• Information shown:
------------

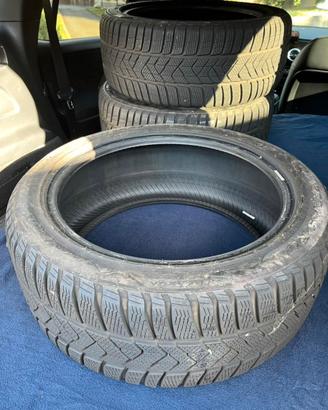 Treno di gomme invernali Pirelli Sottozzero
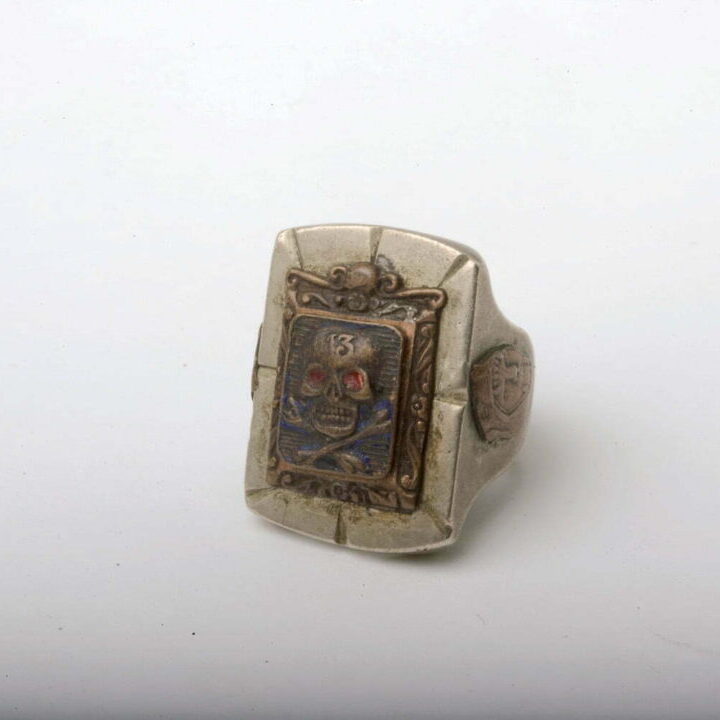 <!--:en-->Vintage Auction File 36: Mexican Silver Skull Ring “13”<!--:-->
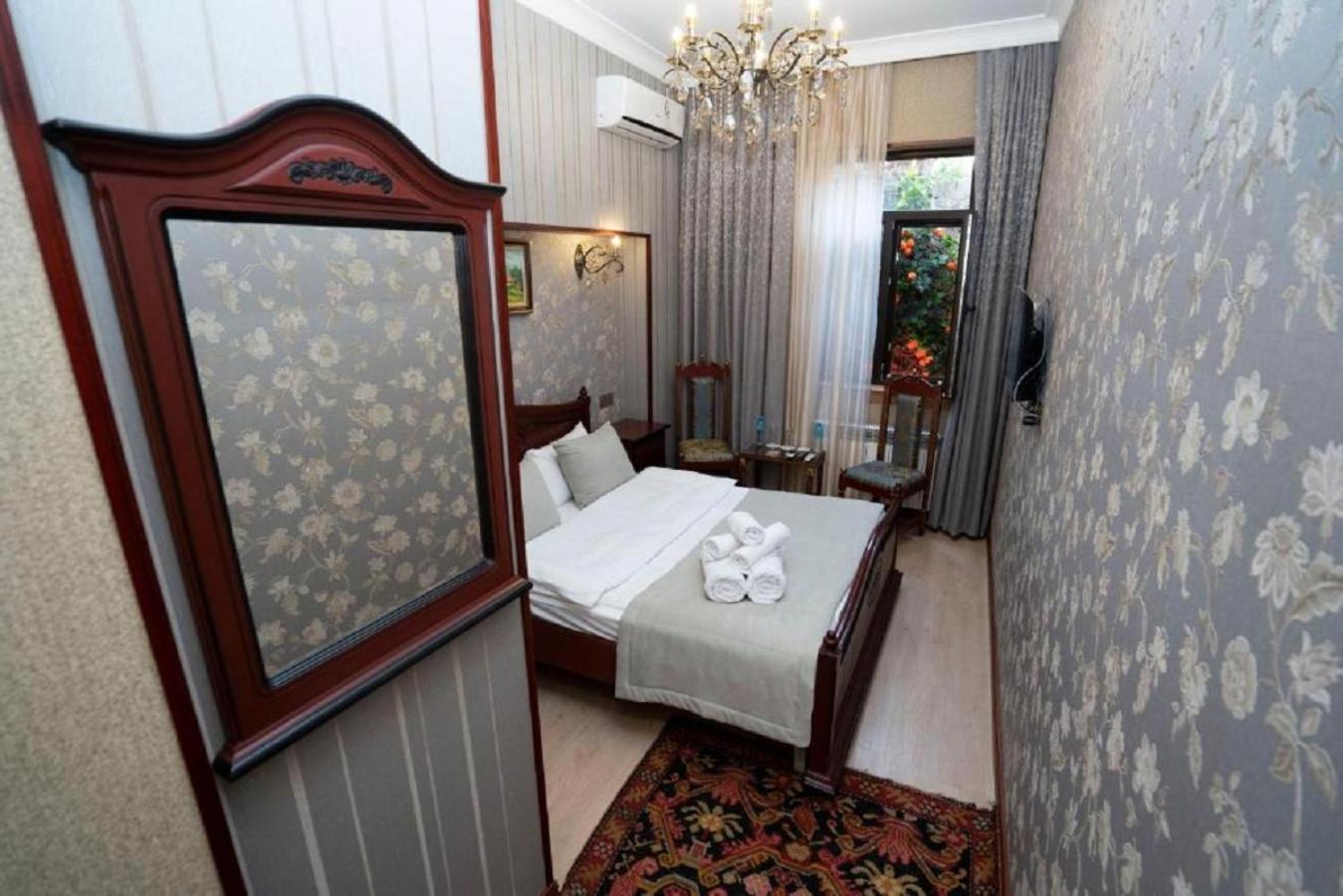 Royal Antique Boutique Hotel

------------

• Exercise aim: Leaving every picture out, write out exactly the lines from the one that holds "<!--:en-->Vintage Auction File" through the end of the listing, both included.

• Final answer:
 <!--:en-->Vintage Auction File 36: Mexican Silver Skull Ring “13”<!--:-->
 Royal Antique Boutique Hotel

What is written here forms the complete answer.